CNSREIT-AR-2024 Final - Flipbook - Page 67
We may utilize non-recourse securitizations of certain of our CMBS investments, which may expose us to risks that
could result in losses.
We may seek to utilize non-recourse securitizations of certain of our CMBS investments to the extent consistent with
REIT and Investment Company Act requirements. This would likely involve us creating a special-purpose vehicle,
contributing a pool of our assets to the entity, and selling interests in the entity on a non-recourse basis to purchasers
(whom we would expect to be willing to accept a lower interest rate to invest in investment-grade loan pools). We would
expect to retain all or a portion of the equity in the securitized pool of loans or investments. Prior to any such financing, we
may use short-term facilities to finance the acquisition of securities until a sufficient quantity of securities had been
accumulated, at which time we would refinance these facilities through a securitization, such as a CMBS, or issuance of
CLOs, or the private placement of loan participations or other long-term financing. If we were to employ this strategy, we
would be subject to the risk that we would not be able to acquire, during the period that our short-term facilities were
available, a sufficient amount of eligible securities to maximize the efficiency of a CMBS, CLO or private placement
issuance. We also would be subject to the risk that we would not be able to obtain short-term credit facilities or would not
be able to renew any short-term credit facilities after they expire should we find it necessary to extend our short-term credit
facilities to allow more time to seek and acquire the necessary eligible securities for a long-term financing. The inability to
consummate securitizations of our portfolio to finance our loans and investments on a long-term basis could require us to
seek other forms of potentially less attractive financing or to liquidate assets at an inopportune time or price, which could
adversely affect our performance and our ability to grow our business. Moreover, conditions in the capital and credit
markets, including volatility and disruption, may not permit a non-recourse securitization at any particular time or may
make the issuance of any such securitization less attractive to us even when we do have sufficient eligible assets. We may
also suffer losses if the value of the mortgage loans we acquire declines prior to securitization. Declines in the value of a
mortgage loan can be due to, among other things, changes in interest rates and changes in the credit quality of the loan. In
addition, transaction costs incurred in executing transactions impact any liability that we may incur, or may be required to
reserve for, in connection with executing a transaction can cause a loss to us. To the extent that we incur a loss executing or
participating in future securitizations for the reasons described above or for other reasons, it could materially and adversely
impact our business and financial condition.

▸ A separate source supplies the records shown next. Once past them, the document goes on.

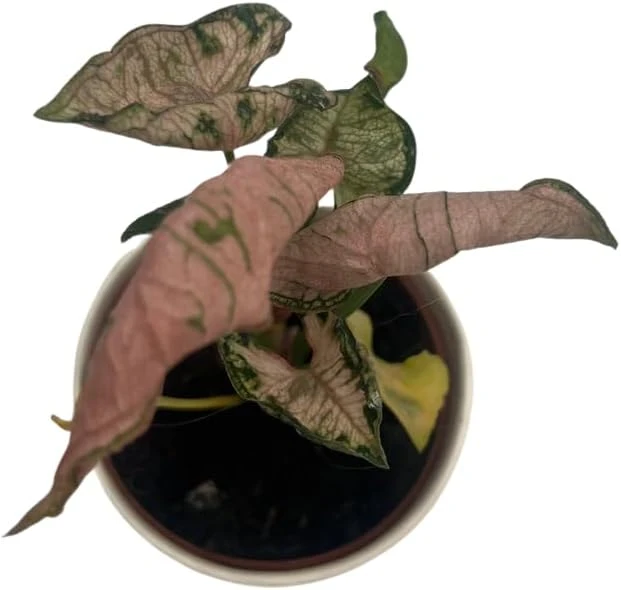 Pink Godzilla Arrowhead Plant - Syngonium Live Plant - 2 inch Pot - Indoor - Image 4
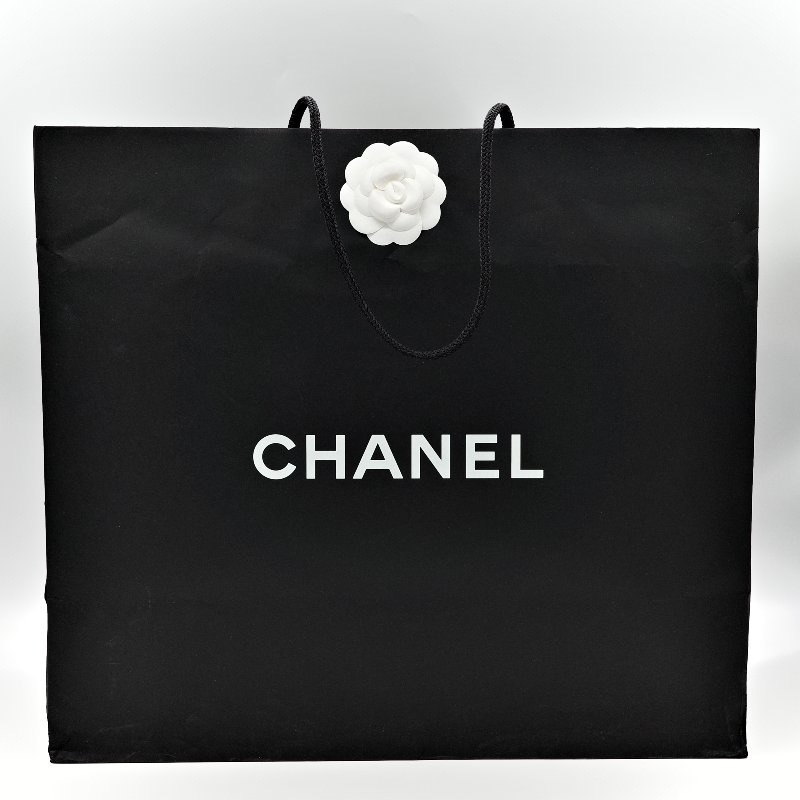 CHANEL 25BAG 中號-27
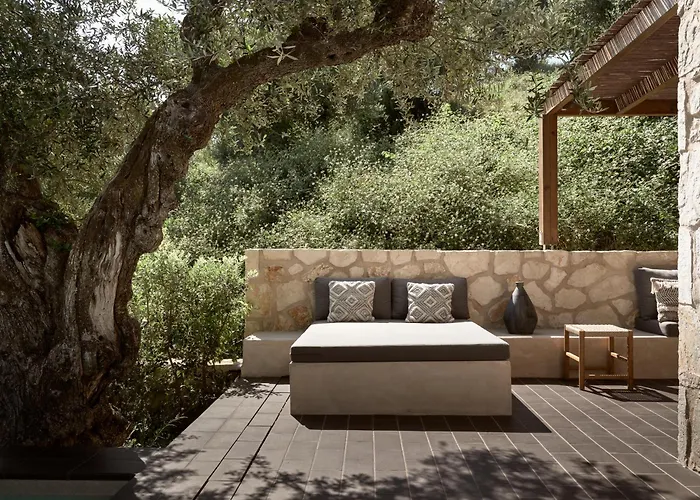 Zayn Luxury Villas, A Serene Escape, By Thinkvilla 别墅 蒂锡利维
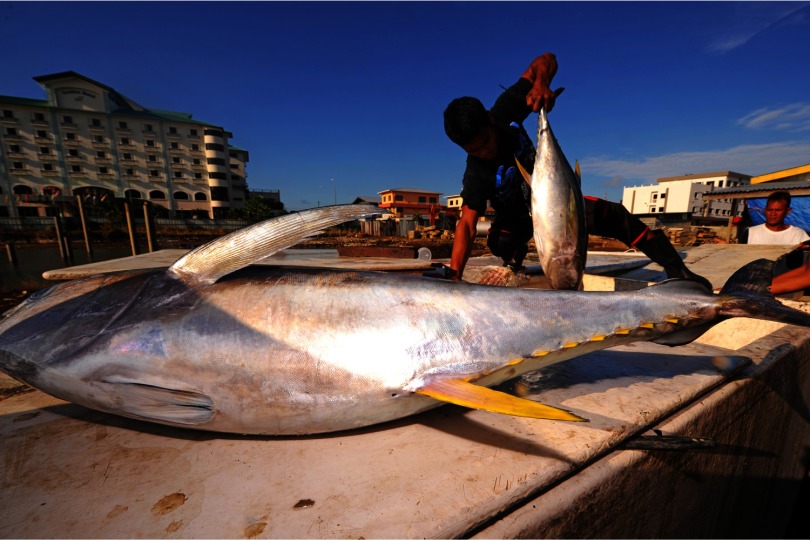 Photo of a yellowfin tuna on a dock.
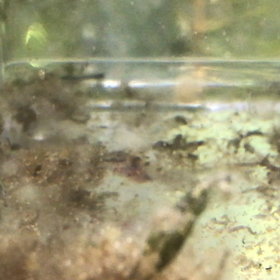 コリドラスのたまご、13日目。よくわかりませんが元気です。の画像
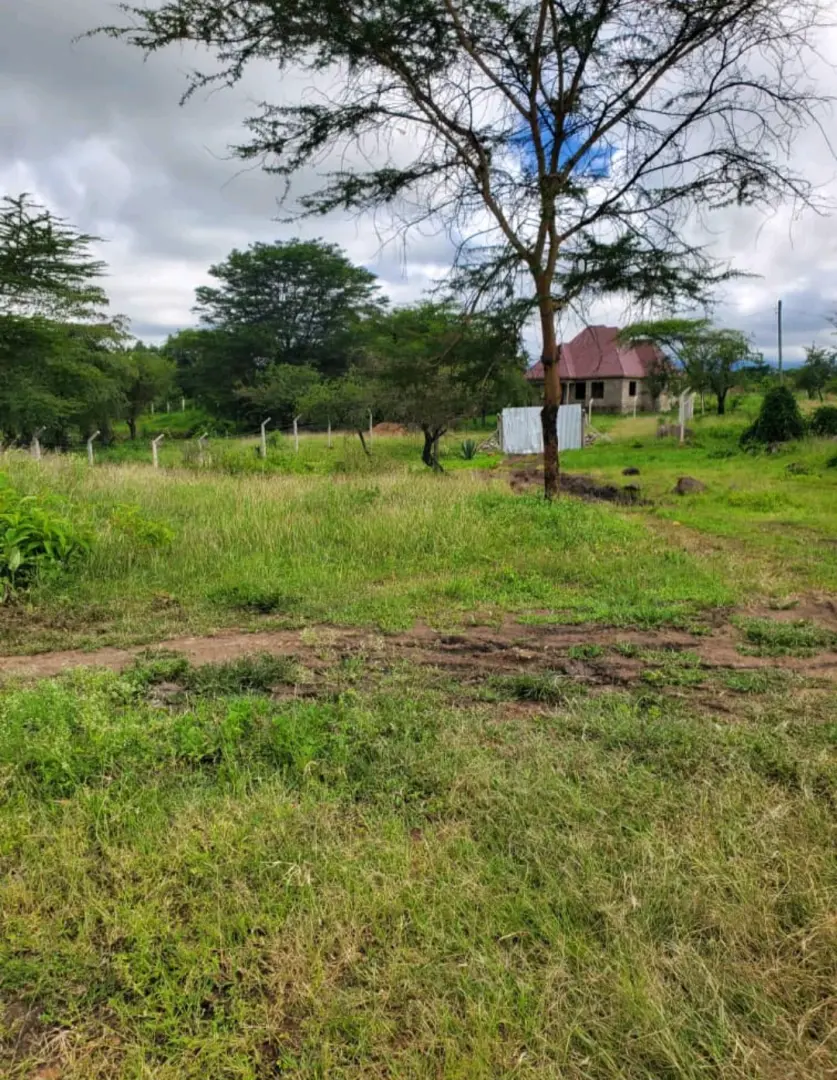 Viwanja bei nafuu Arusha na Kilimanjaro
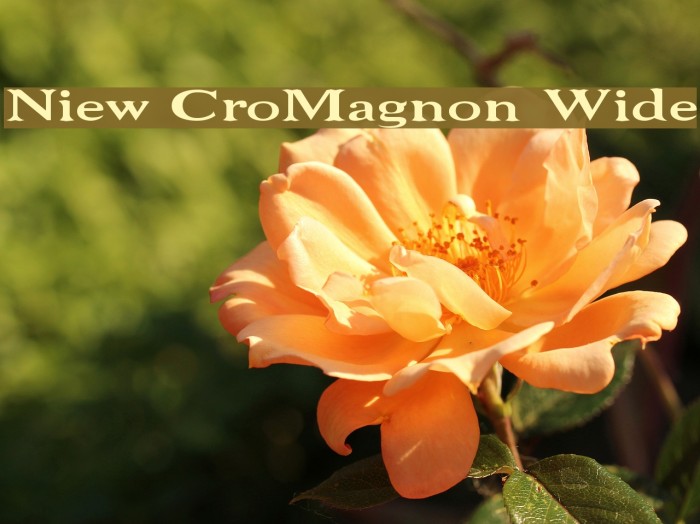 Niew CroMagnon Wide Font examples
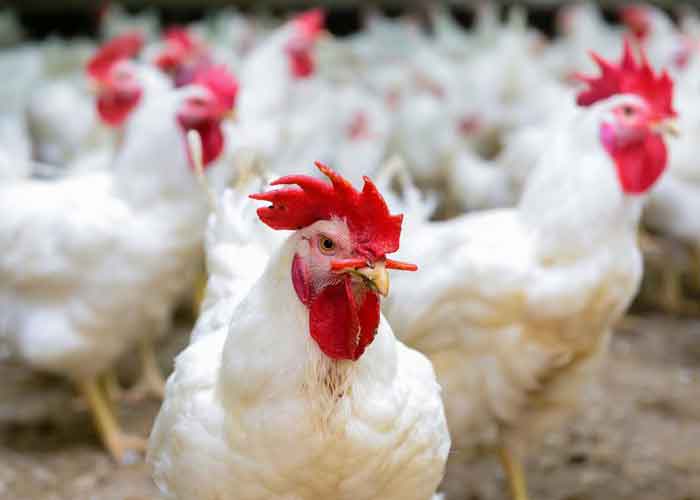 Brazil produces 15% of the chicken meat consumed on the planet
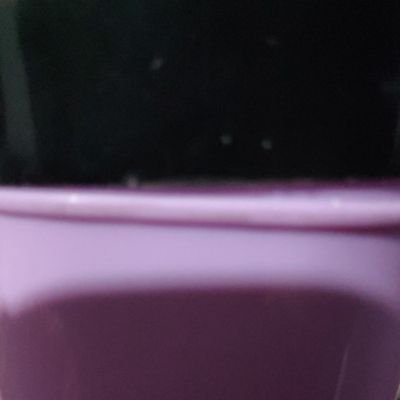 congleij's profile picture. book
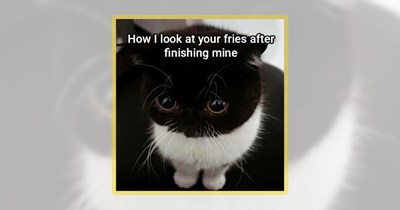 20 Foodie Feline Funnies for Folks Who Hunger for Humor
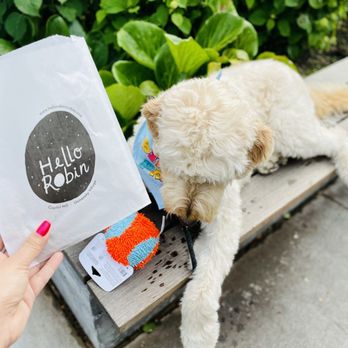Hello Robin - Cookies x the pup! - Bakeries Near Me - Seattle, Washington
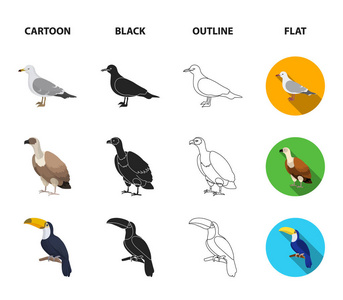 海鸥, 巨嘴鸟和其他物种。鸟类集合图标在卡通, 黑色, 轮廓, 平面风格矢量符号股票插画网站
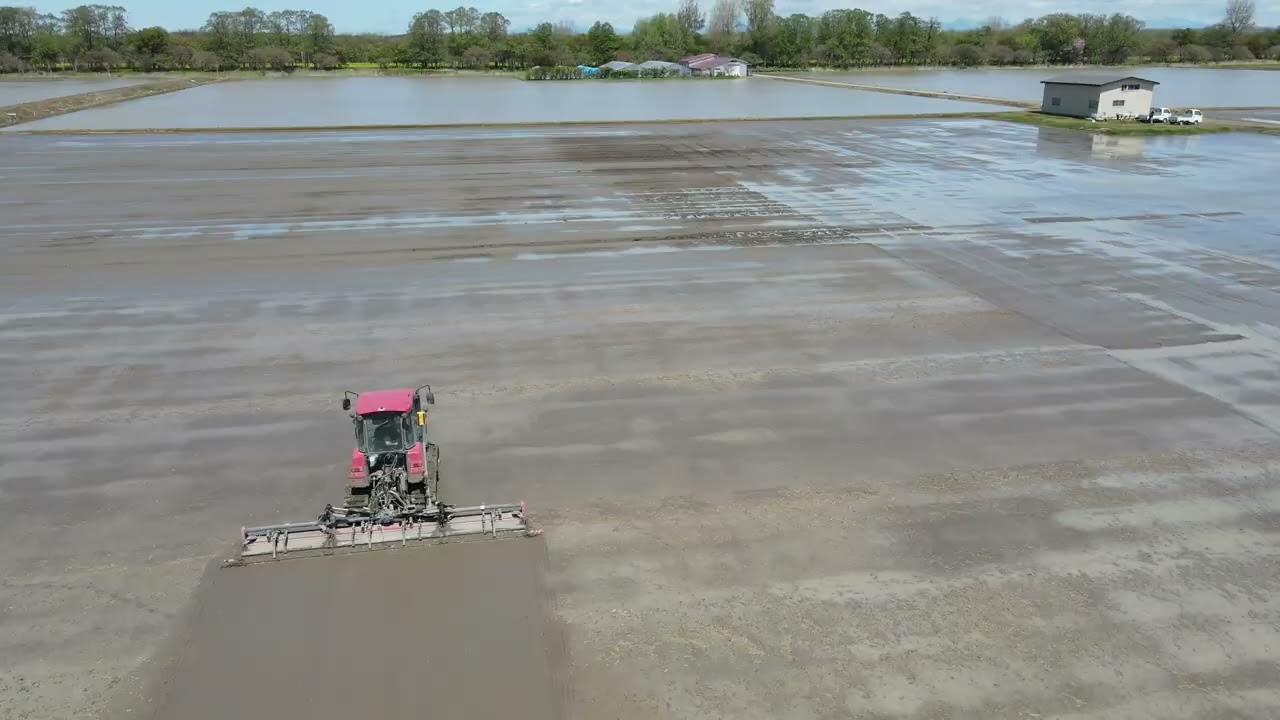 代掻き（しろかき）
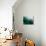 Green Abstract, 2021, (digital)-Scott J. Davis-Mounted Giclee Print displayed on a wall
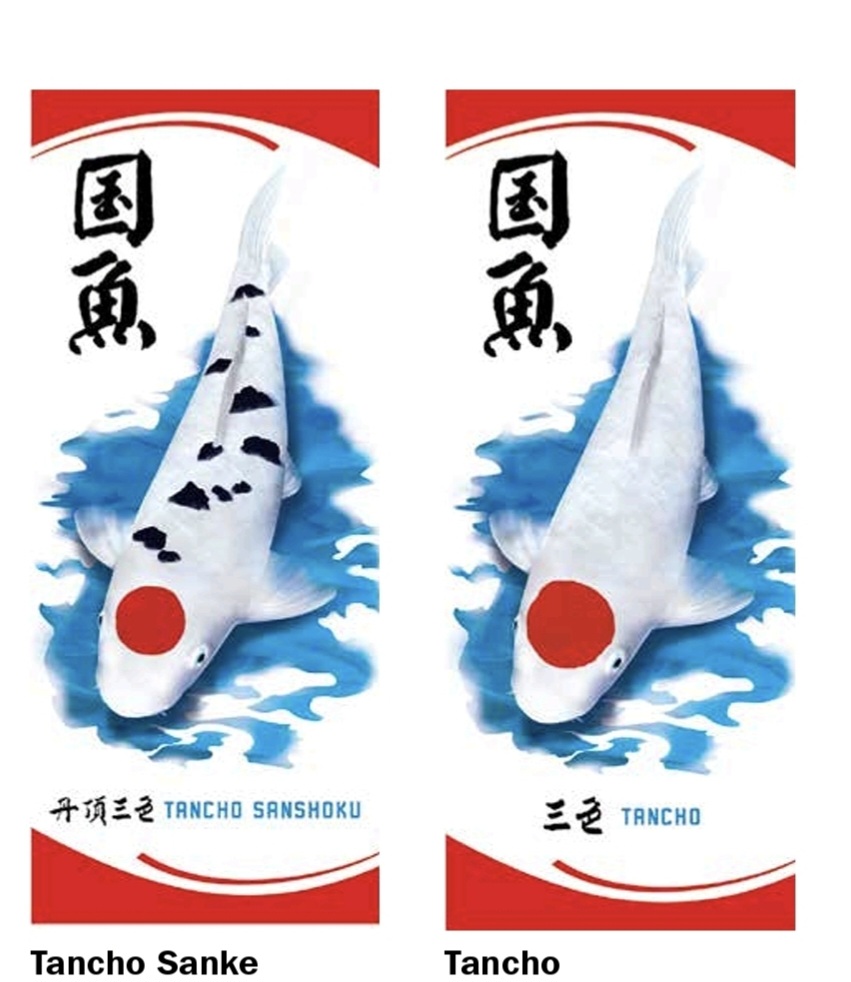 Koi Fahne / Flagge in 5 verschiedenen Koi Varitäten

In addition, the securitization of investments in our portfolio might magnify our exposure to losses because any equity
interest we retain in the issuing entity would be subordinate to the notes issued to investors and we would, therefore, absorb
all of the losses sustained with respect to a securitized pool of assets before the owners of the notes experience any losses.
The inability to securitize our portfolio may hurt our performance and our ability to grow our business. At the same time,
the securitization of our loans or investments might expose us to losses, as the residual loans or investments in which we do
not sell interests will tend to be riskier and more likely to generate losses. Moreover, the Dodd-Frank Act contains a risk
retention requirement for all asset-backed securities, which requires both public and private securitizers, to retain not less
than 5% of the credit risk of the assets collateralizing any asset-backed security issuance. Significant restrictions exist, and
additional restrictions may be added in the future, regarding who may hold risk retention interests, the structure of the
entities that hold risk retention interests and when and how such risk retention interests may be transferred. Therefore such
risk retention interests will generally be illiquid. As a result of the risk retention requirements, we may be required to
purchase and retain certain interests in a securitization into which we sell mortgage loans or when we act as issuer, may be
required to sell certain interests in a securitization at prices below levels that such interests have historically yielded or may
be required to enter into certain arrangements related to risk retention that we have not historically been required to enter
into and, accordingly, the risk retention rules may increase our potential liabilities or reduce our potential profits in
connection with securitization of mortgage loans. It is likely, therefore, that these risk retention rules will increase the
administrative and operational costs of asset securitizations.